1 Mar, 2016
Pretoria, South Africa, 27 February 2016, (NNN-SAnews) — Environmental Affairs Minister Edna Molewa has congratulated the Department of Transport on the official opening of South Africa’s – and Africa’s – first solar-powered airport in George.
Transport Minister Dipuo Peters launched the project that is spearheaded by the Airports Company of South Africa (ACSA) at a special ceremony in the city on Friday.
Most of the airport’s energy needs will be supplied through 200 square meters of photo-voltaic (PV) panels. PV technology generates electricity from solar radiation providing a renewable and clean energy source
In its first phase, 750kw will be generated through this clean energy source, which is sufficient to meet the airport’s daily needs. This is expected to increase with plant capacity in future.
“This ground-breaking initiative shows that government is well on track in transitioning South Africa to a low-carbon, inclusive, resource efficient and climate resilient economy and society,” the Minister said.
The Department of Transport is one of the key departments driving South Africa’s Green Economy Strategy. Green transport initiatives form part of government’s strategy to shift the economy towards cleaner industries and sectors with low environmental impact
“What has been achieved at George Airport is also the result of successful collaboration in the green economy sector between government, entities such as Airports Company South Africa (ACSA), and the private sector.
“The new solar-powered airport will rely on cost-effective, renewable sources to generate energy, and simultaneously support South Africa’s greenhouse gas emissions reduction targets,” says Molewa.
This is in alignment with South Africa’s National Climate Change Response Policy whose objective is to effectively manage climate change impacts through interventions that build and sustain South Africa’s social, economic and environmental resilience and emergency response capacity.
The 2016 Budget by Finance Minister Pravin Gordhan earlier this week highlighted that South Africa continues to invest heavily in the green economy.

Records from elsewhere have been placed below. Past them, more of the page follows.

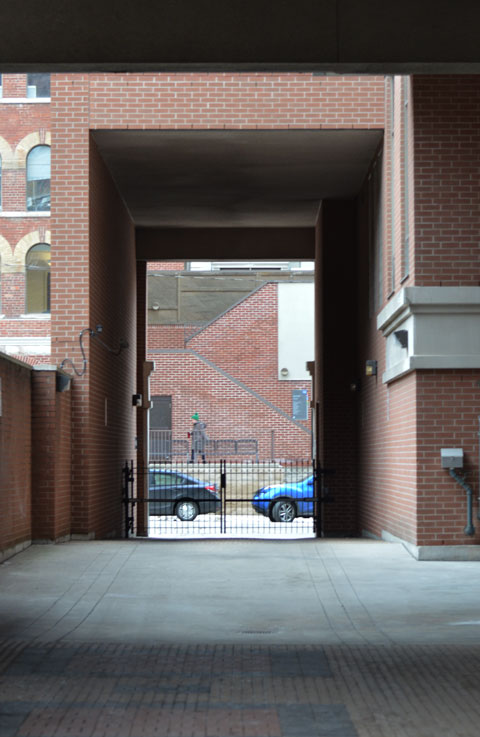 looking down a driveway that passes under a very high square arch to the street beyond. Cars are parked on the street and a pedestrian walks by 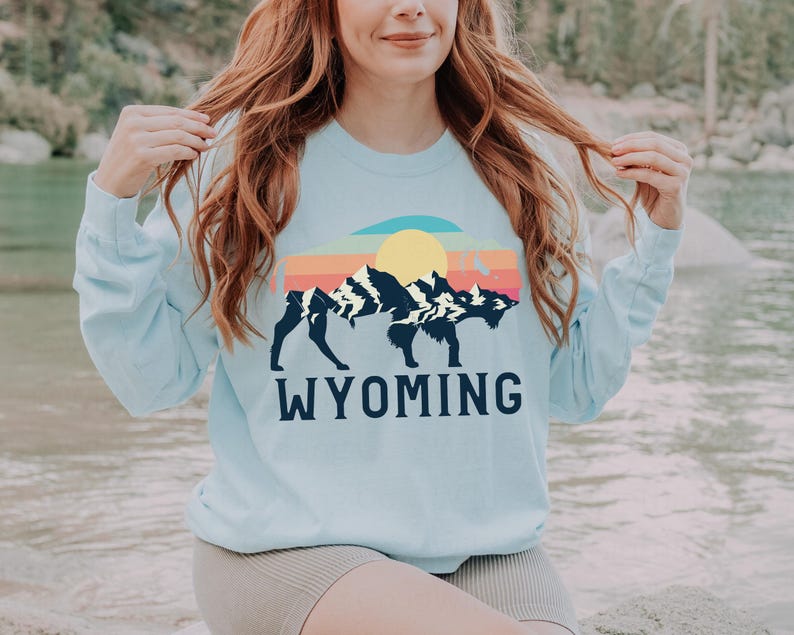 May include: A light blue sweatshirt with a graphic of a bison standing in front of a mountain range with a sunset behind it. The text "WYOMING" is printed below the graphic.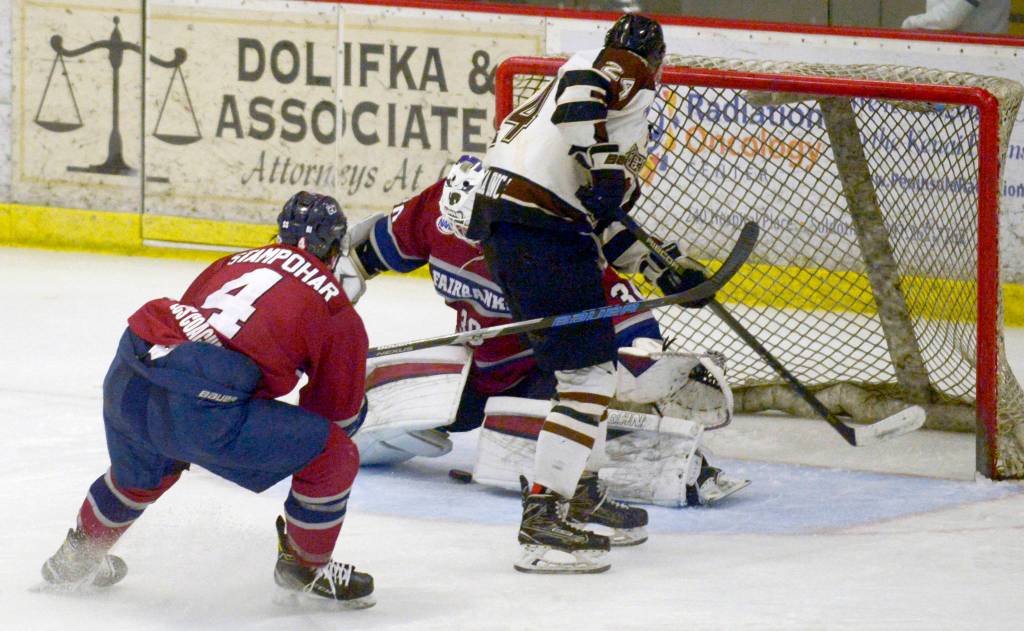 Kenai River Brown Bears forward Zach Krajnik slips the puck through the legs of Fairbanks Ice Dogs goalie Nate Reid in front of Ice Dogs defenseman John Stampohar on Friday, March 22, 2019, at the Soldotna Regional Sports Complex. The short-handed goal was the game-winner. (Photo by Jeff Helminiak/Peninsula Clarion)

“We have already made significant headway in the uptake of renewable energy, greening our public transport system, and promoting energy efficiency in government facilities, to name but a few,” Molewa said.
In the transport sector, initiatives are underway to shifting freight from road to rail, and introducing electricity regenerative braking in locomotives. This is already saving close to 0.5 Mt of CO2 annually.
In addition, 14 000 taxis are being converted to compressed natural gas, with an expected emission reduction of 23 – 27% per vehicle.
“Investment such as at George Airport, must give momentum to other private and public sector entities to reconfigure and retrofit their existing infrastructure in support of more sustainable energy consumption patterns,” Molewa said.